Amsterdam’s latest exhibit sparks mixed reactions
During the opening ceremony on May 25, Halsema said the tank served as a “warning” that “peace, humanity, democratic values and freedom cannot be taken for granted,” adding that it “reminds us that we must defend democracy every day.” In spite of these words and De Balie’s intentions, so far the appearance of the tank in Amsterdam’s city centre has been met with mixed reactions.
As Halsema started her speech, protestors shouted “this tank should not be here” and “get rid of it!”, while others threw flowers and rose petals on the tank. Some also asked why it was a Russian tank and not a Ukrainian one. “I find it controversial to put this on the square like this.

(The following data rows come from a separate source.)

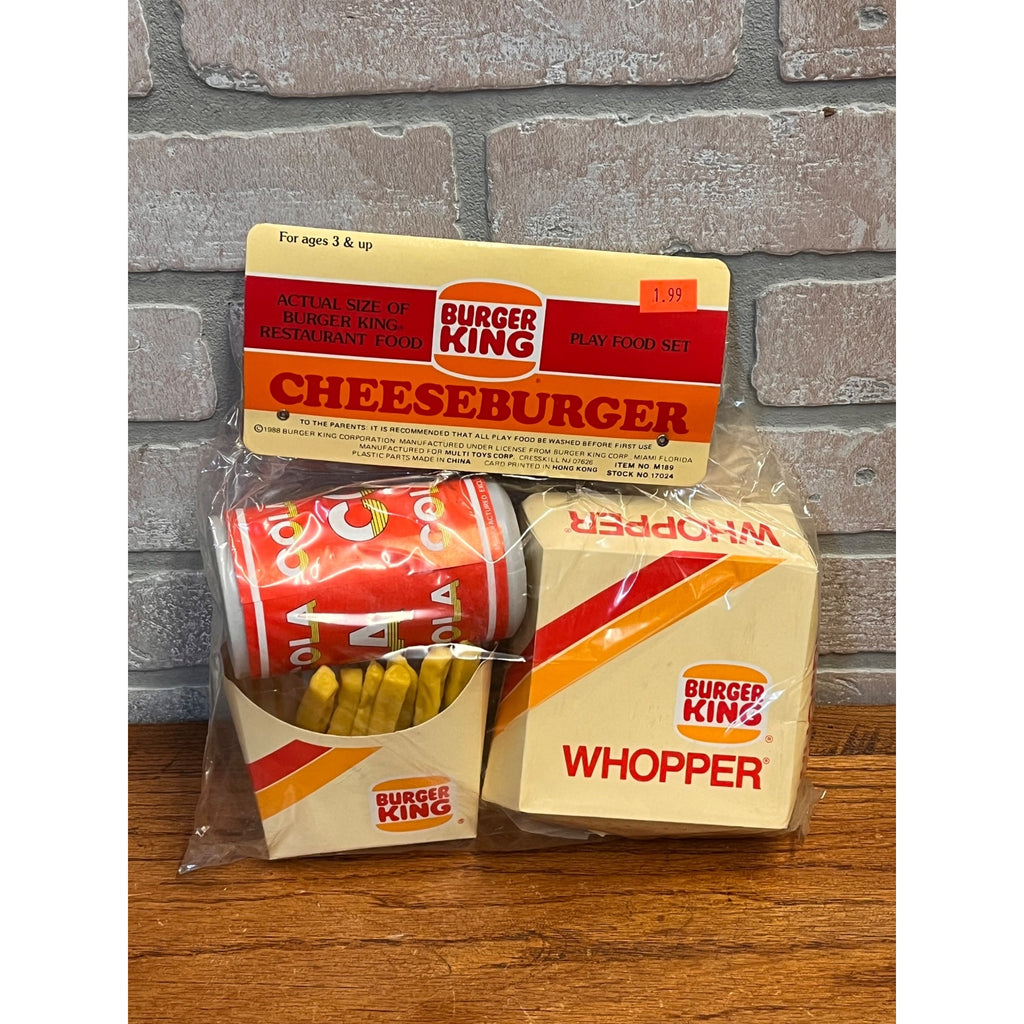 Vintage 1988 Burger KIng Play Food Set Whopper Cheeseburger Fries and Drink NEW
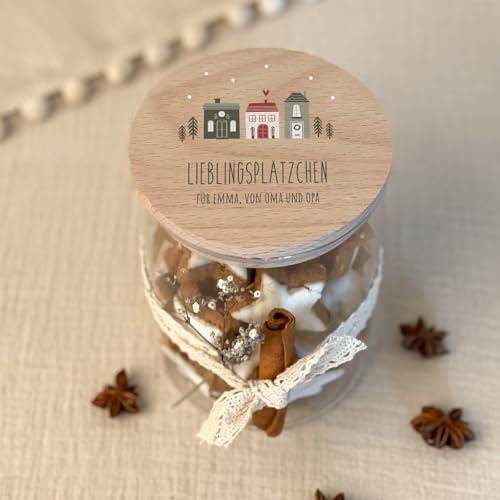 hellomini Personalisiertes Vorratsglas mit Holzdeckel, Keksdose mit Gravur, Geschenk zu Weihnachten, Keksglas mit Buchenholz Deckel, Zwei Größen (Lieblingsplätzchen, 750ml)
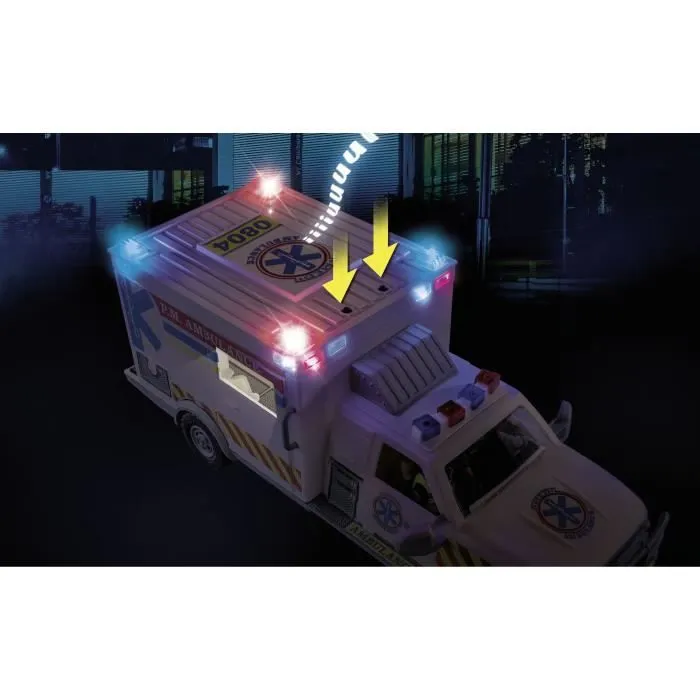 PLAYMOBIL 70936 Ambulance américaine avec secouristes et blessé, City Action, Les Secouristes-3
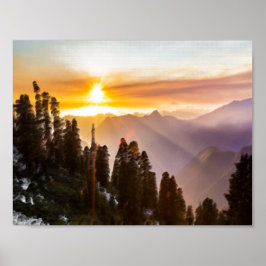 Sonnenuntergang über dem Wald Poster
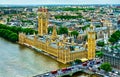 Aerial view of Westminster Palace, Westminster Bridge and Thames River in London, England Royalty Free Stock Photo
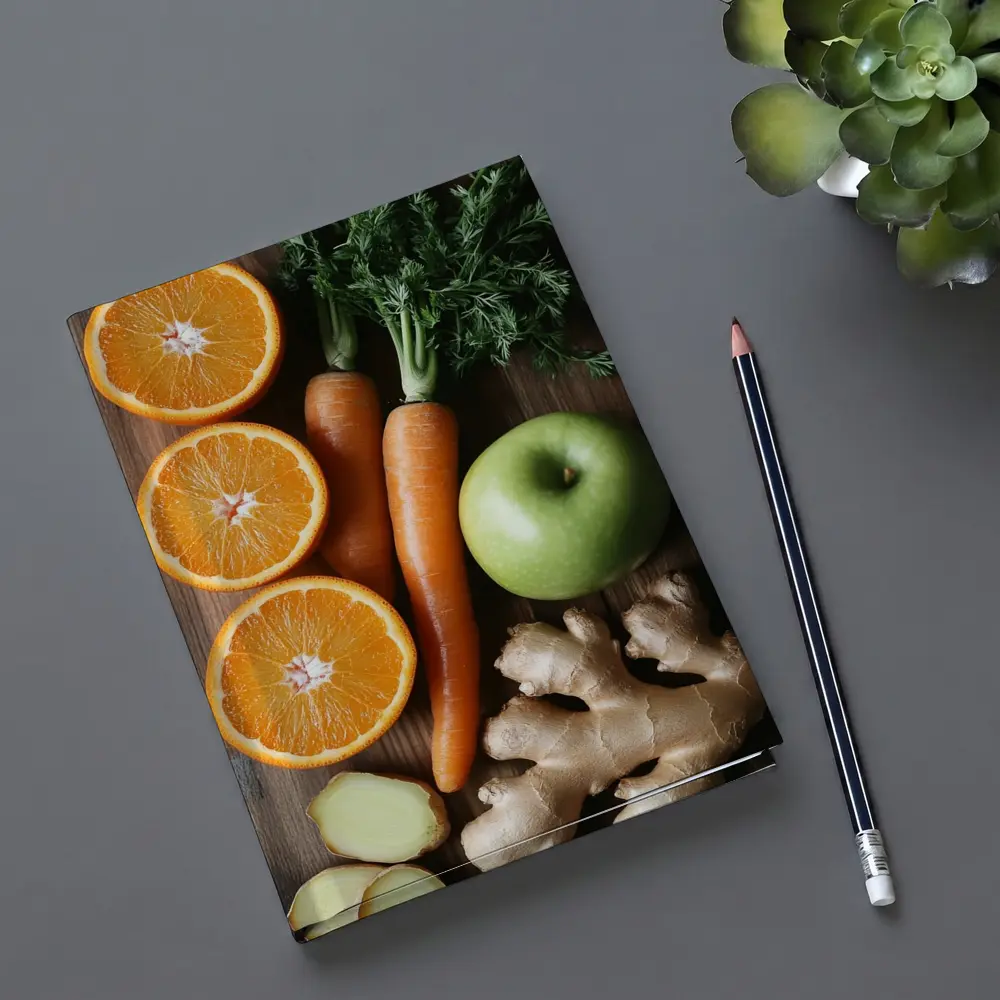 Fresh Oranges Carrots Apple Ginger Wooden Table – Notebooks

Doesn’t that hurt Ukrainians?”, Arwa Bikem told Het Parool.
Others were more positive, with one passer-by telling AT5 that the tank was impressive: “If you want to convey a message, you can do it this way.” Talking to Het Parool, Ukrainian student Vlodomyr Kutsyi also said it was “good that the tank is here”, and hoped it would raise awareness about the ongoing war in Ukraine.
Images via Amanda Weideman.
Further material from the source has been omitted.